→ **What you should do**
Transcribe each record word for word. Skip the images.

(Data entries)

'''

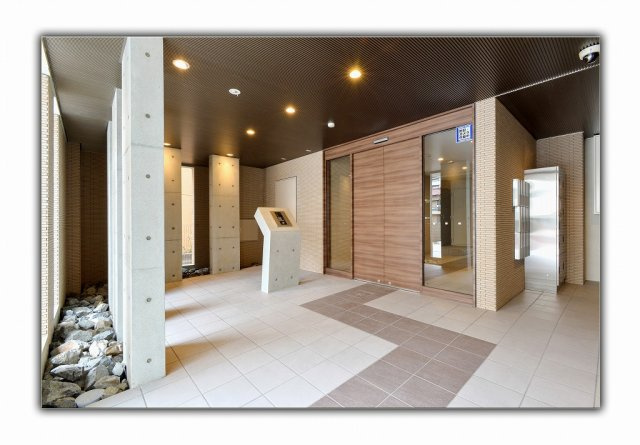 ＳＯＬＡＲＥ（ソラーレ）のエントランス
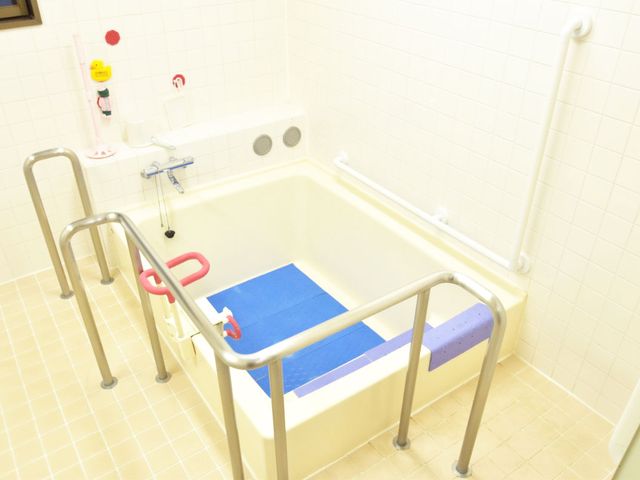 高齢者向け浴槽 浴室 安全に配慮された浴槽です。手すりが付き、入浴が楽になります。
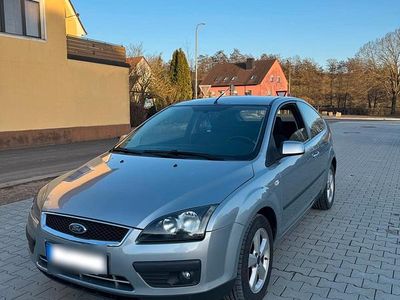 Gebraucht Ford Focus 101 PS (74 kW) 2005 Grau Kleinwagen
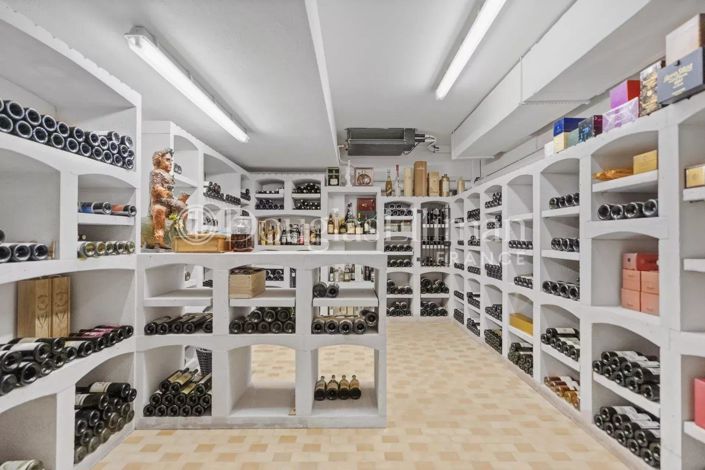 Image No.25-6 Bed House for sale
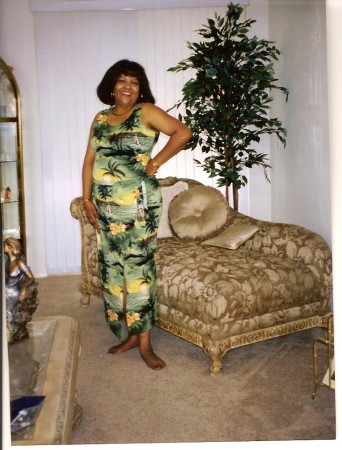 Sharon Wells Photo 5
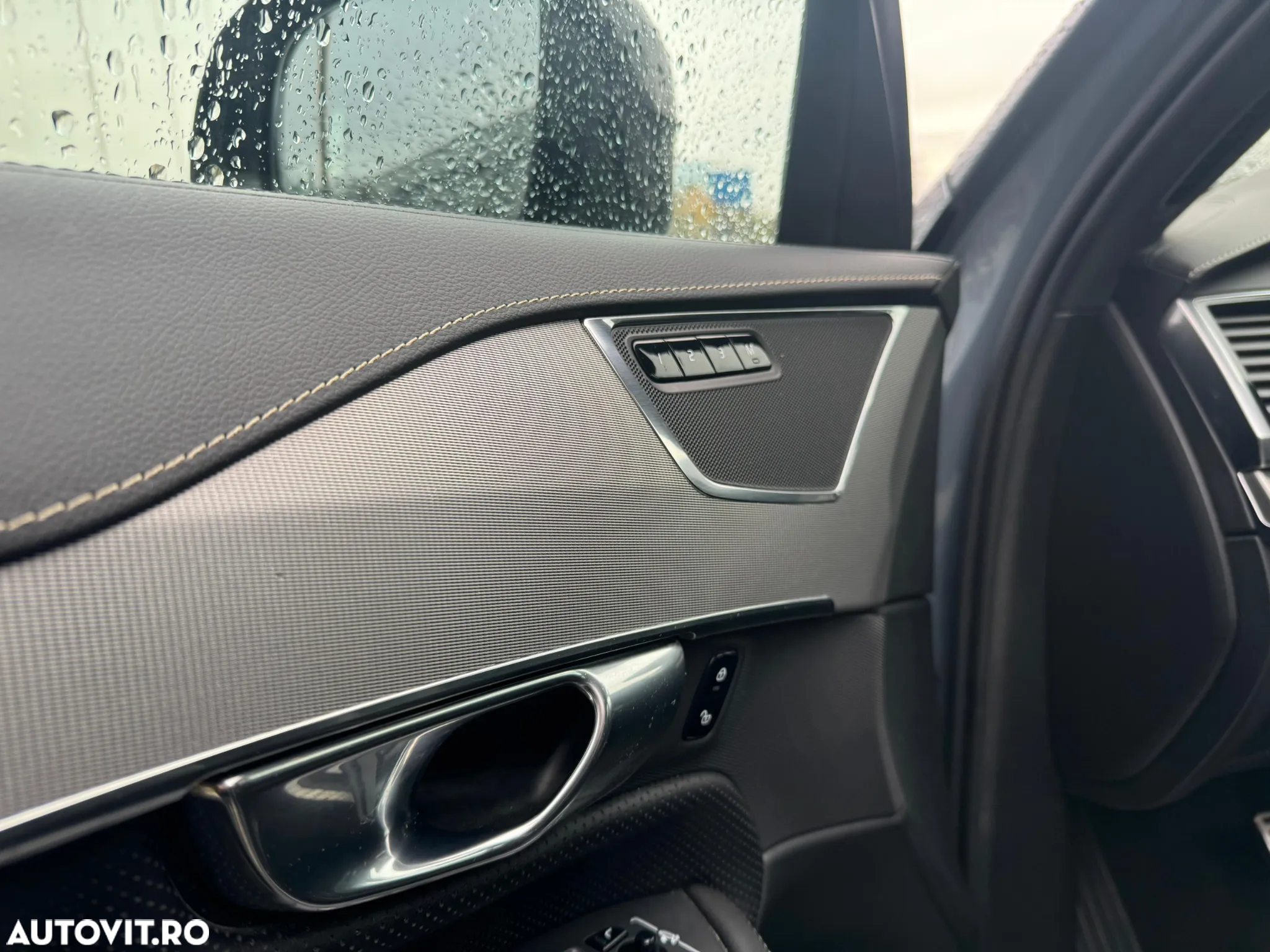 Volvo XC 90 T8 AWD Recharge Geartronic RDesign - 13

'''

→ **Solution for this task**
 ＳＯＬＡＲＥ（ソラーレ）のエントランス
 高齢者向け浴槽 浴室 安全に配慮された浴槽です。手すりが付き、入浴が楽になります。
 Gebraucht Ford Focus 101 PS (74 kW) 2005 Grau Kleinwagen
 Image No.25-6 Bed House for sale
 Sharon Wells Photo 5
 Volvo XC 90 T8 AWD Recharge Geartronic RDesign - 13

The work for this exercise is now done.